[The input]
----------

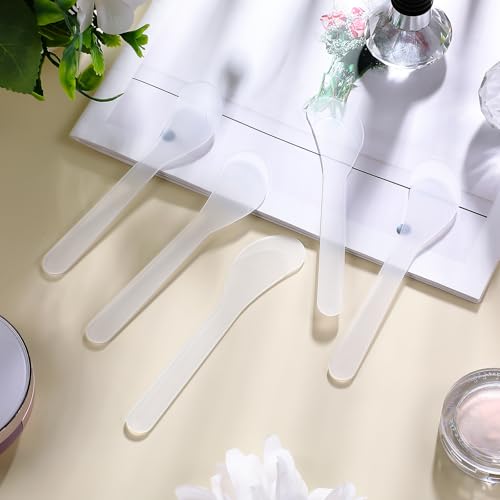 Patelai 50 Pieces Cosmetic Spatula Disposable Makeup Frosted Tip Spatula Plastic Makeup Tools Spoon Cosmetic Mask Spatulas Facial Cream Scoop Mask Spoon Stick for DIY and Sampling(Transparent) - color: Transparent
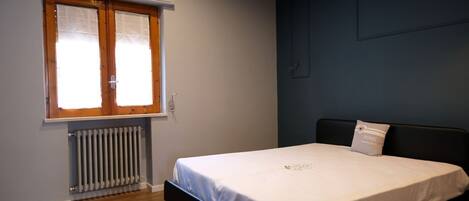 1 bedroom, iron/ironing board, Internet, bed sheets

----------

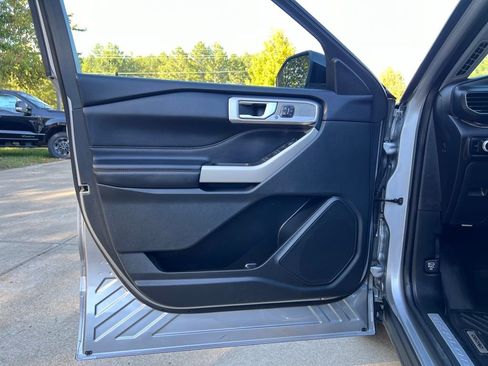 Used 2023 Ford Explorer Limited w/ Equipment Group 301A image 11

----------

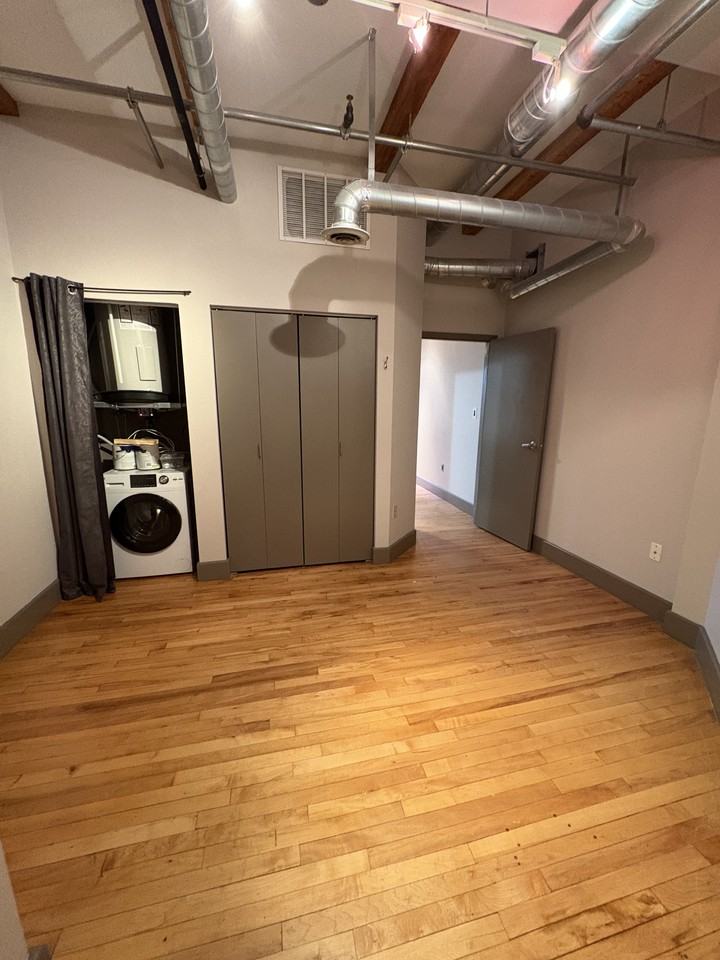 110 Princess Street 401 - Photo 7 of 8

----------

[Task item]
Pictures do not belong in the answer. Return the lines above starting at the one with "Patelai 50 Pieces" and ending at the one with "1 bedroom, iron/ironing", both kept, exactly.

[Your solution]
 Patelai 50 Pieces Cosmetic Spatula Disposable Makeup Frosted Tip Spatula Plastic Makeup Tools Spoon Cosmetic Mask Spatulas Facial Cream Scoop Mask Spoon Stick for DIY and Sampling(Transparent) - color: Transparent
 1 bedroom, iron/ironing board, Internet, bed sheets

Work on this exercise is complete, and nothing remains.